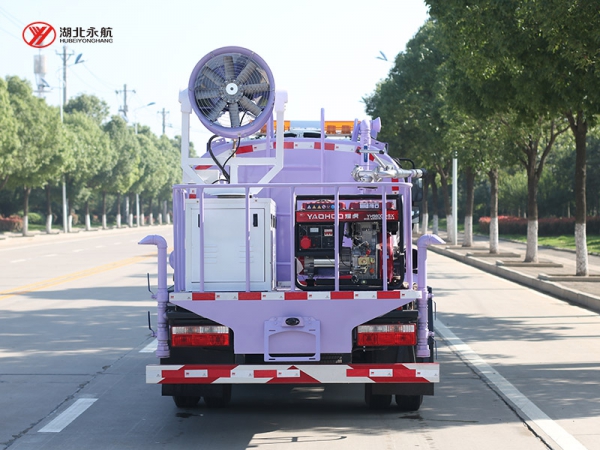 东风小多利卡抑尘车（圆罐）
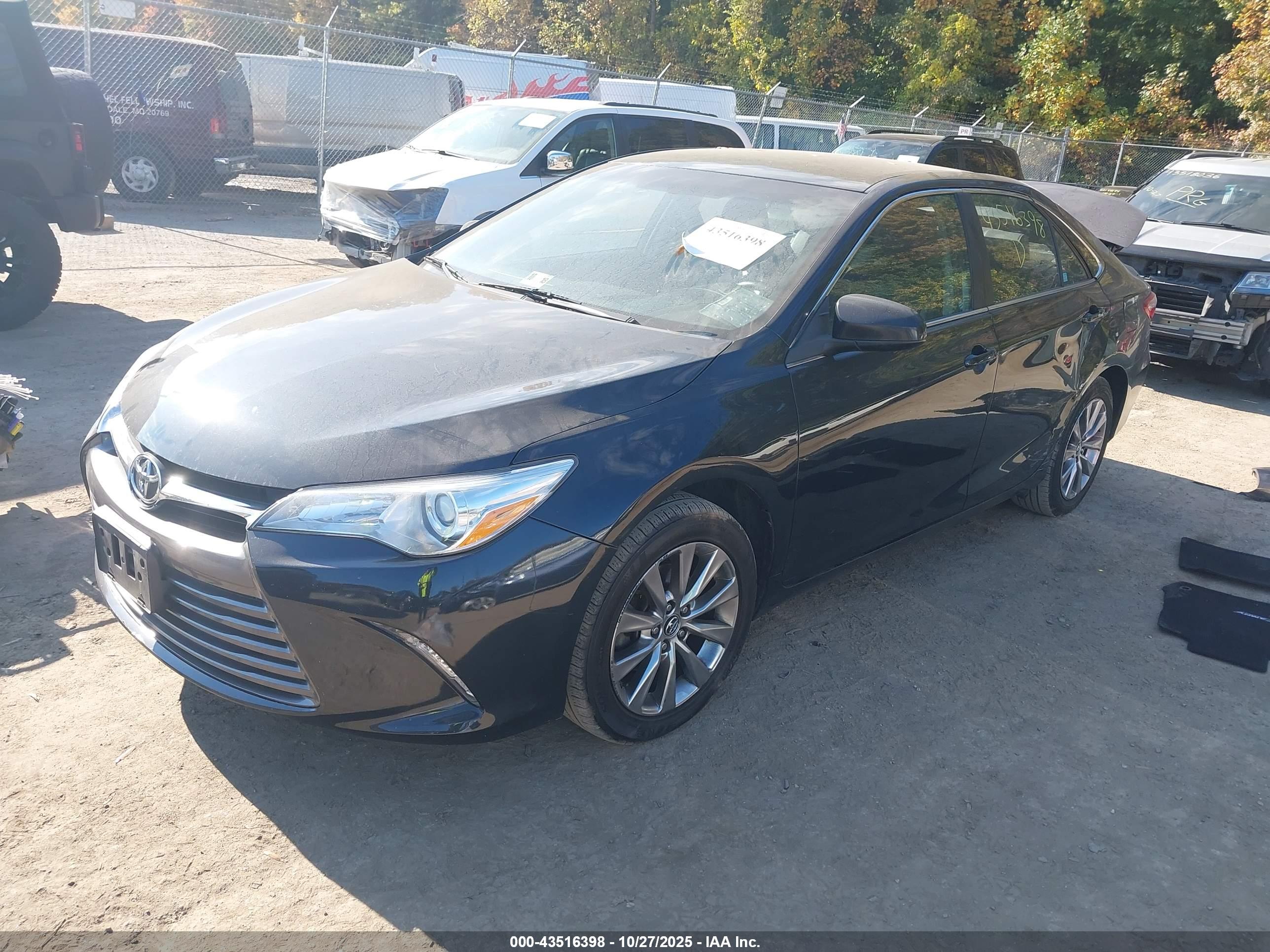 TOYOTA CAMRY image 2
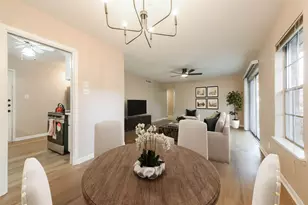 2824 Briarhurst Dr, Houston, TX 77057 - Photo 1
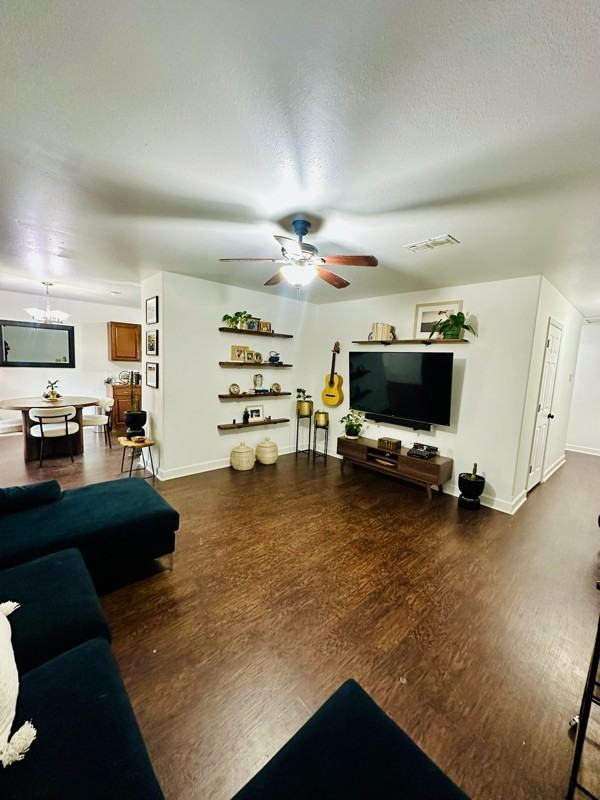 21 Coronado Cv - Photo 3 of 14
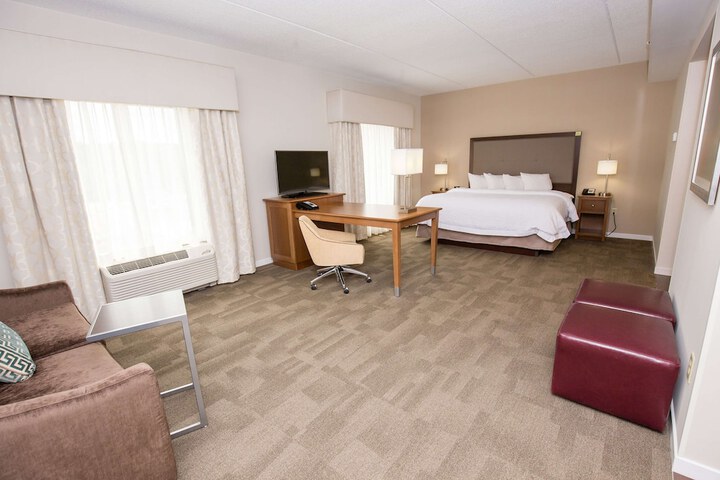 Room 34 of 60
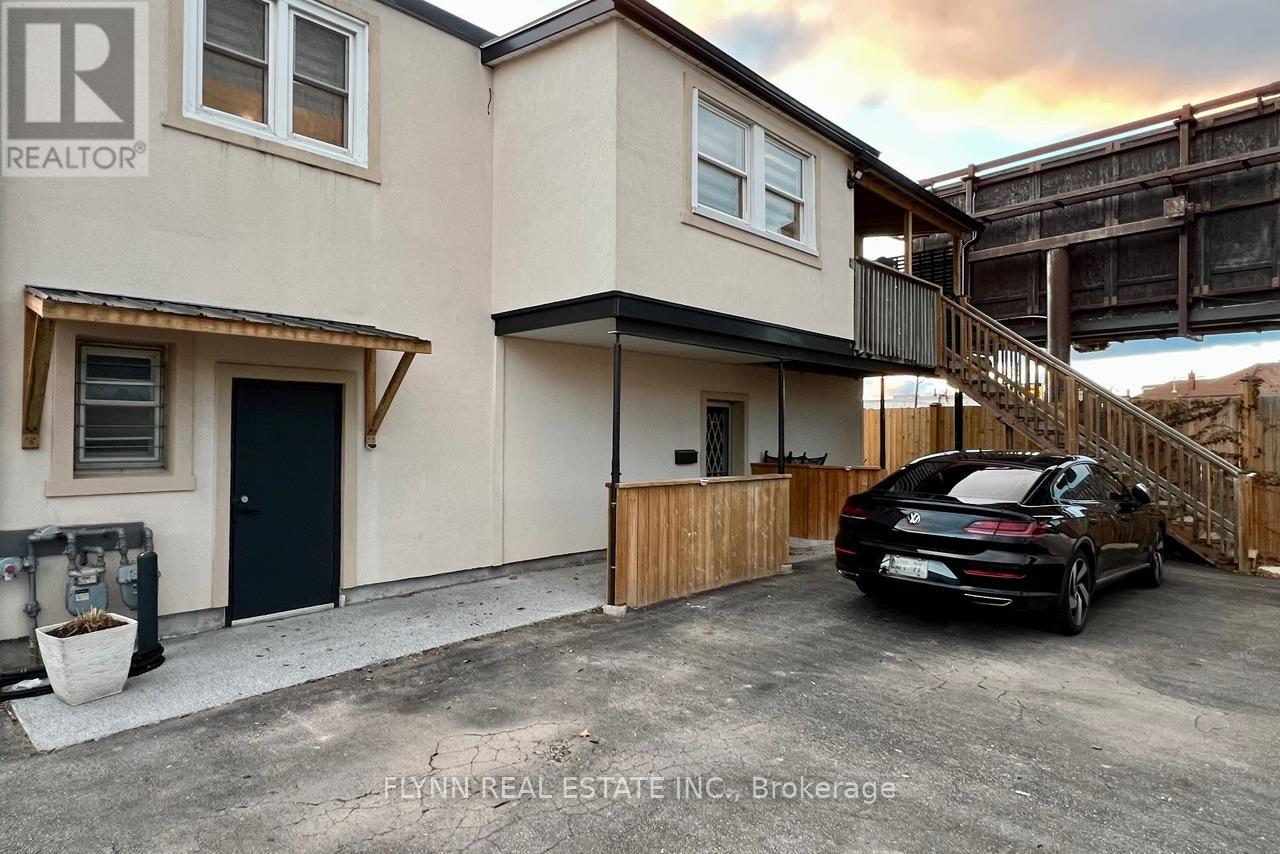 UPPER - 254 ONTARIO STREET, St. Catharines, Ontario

------------------------------

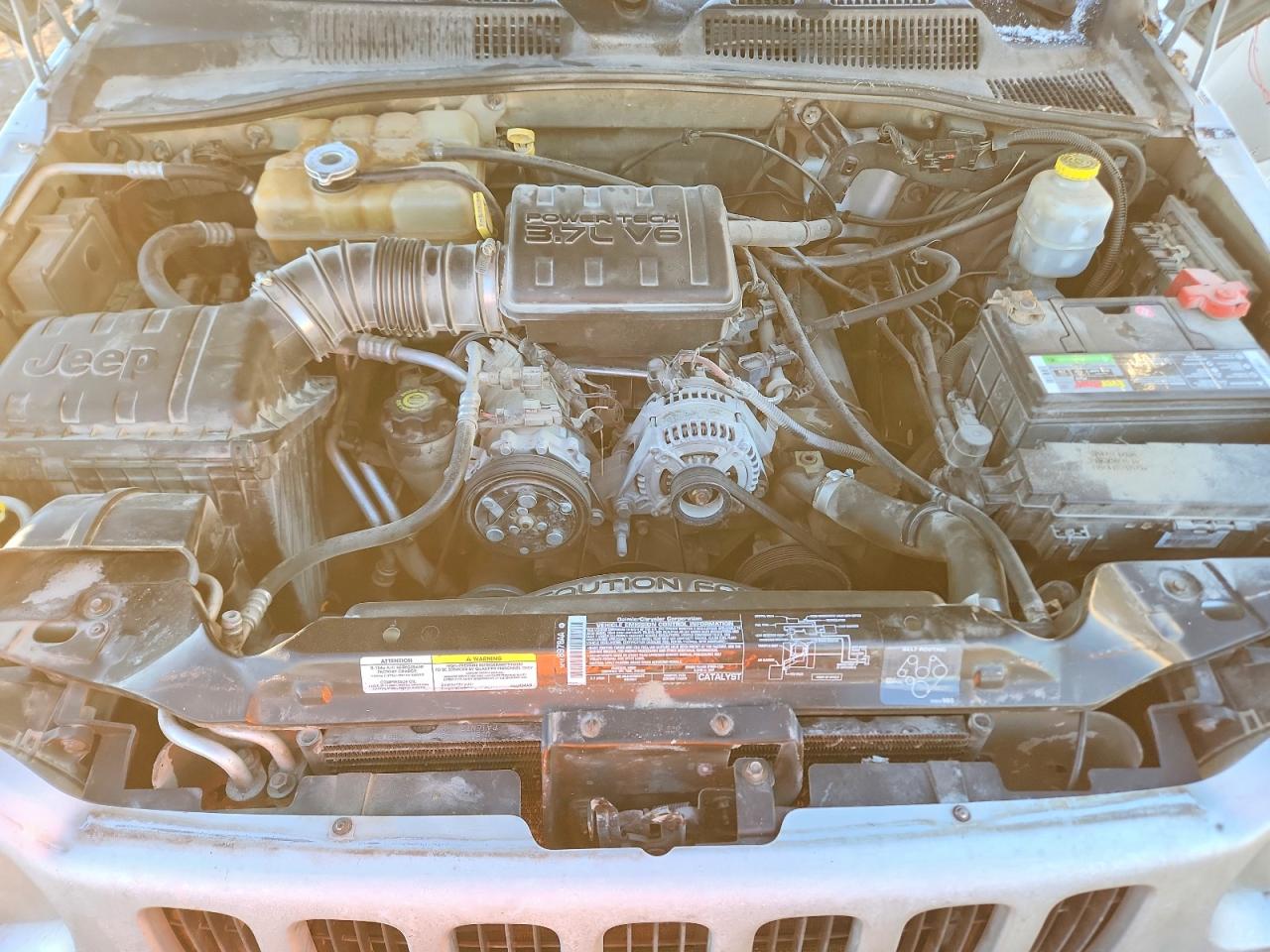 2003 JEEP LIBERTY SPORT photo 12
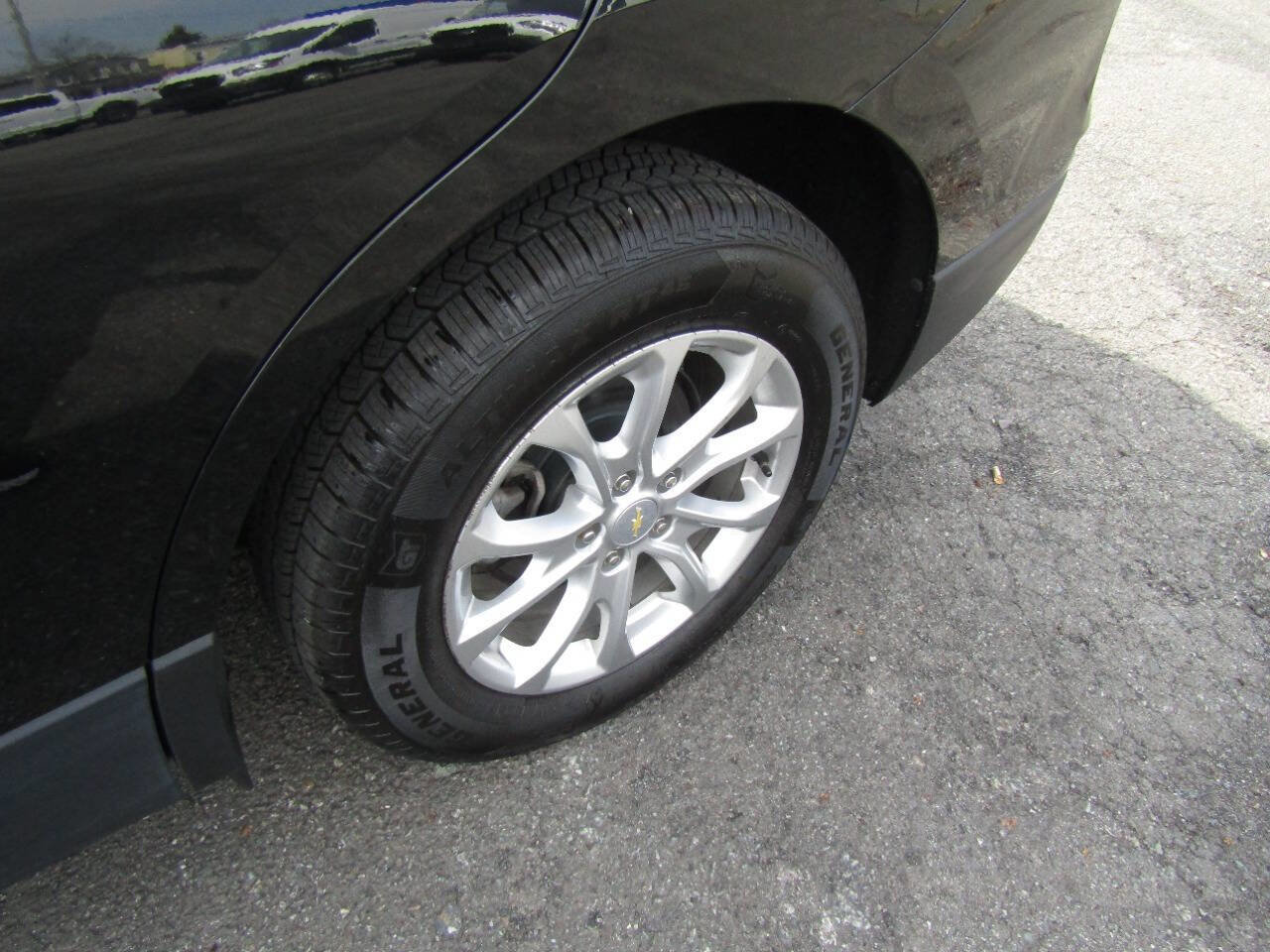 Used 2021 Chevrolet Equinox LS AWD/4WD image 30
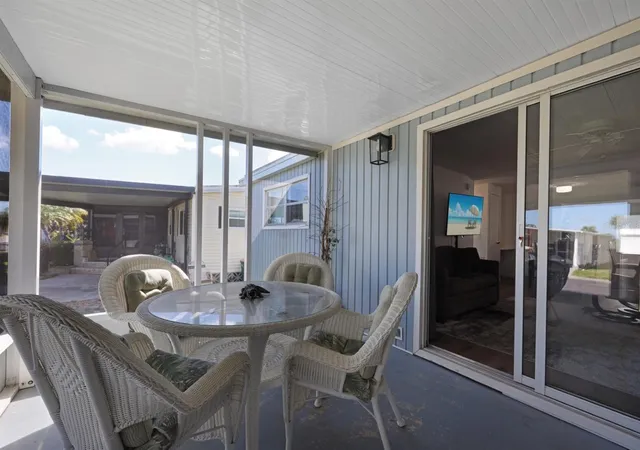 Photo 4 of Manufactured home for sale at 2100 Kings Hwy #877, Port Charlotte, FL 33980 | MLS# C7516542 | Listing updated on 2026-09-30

------------------------------

Give back exactly the lines of the listing above from the one that contains "东风小多利卡抑尘车（圆罐）" up to and including the one that contains "UPPER - 254", but not the pictures, and no other lines.

 东风小多利卡抑尘车（圆罐）
 TOYOTA CAMRY image 2
 2824 Briarhurst Dr, Houston, TX 77057 - Photo 1
 21 Coronado Cv - Photo 3 of 14
 Room 34 of 60
 UPPER - 254 ONTARIO STREET, St. Catharines, Ontario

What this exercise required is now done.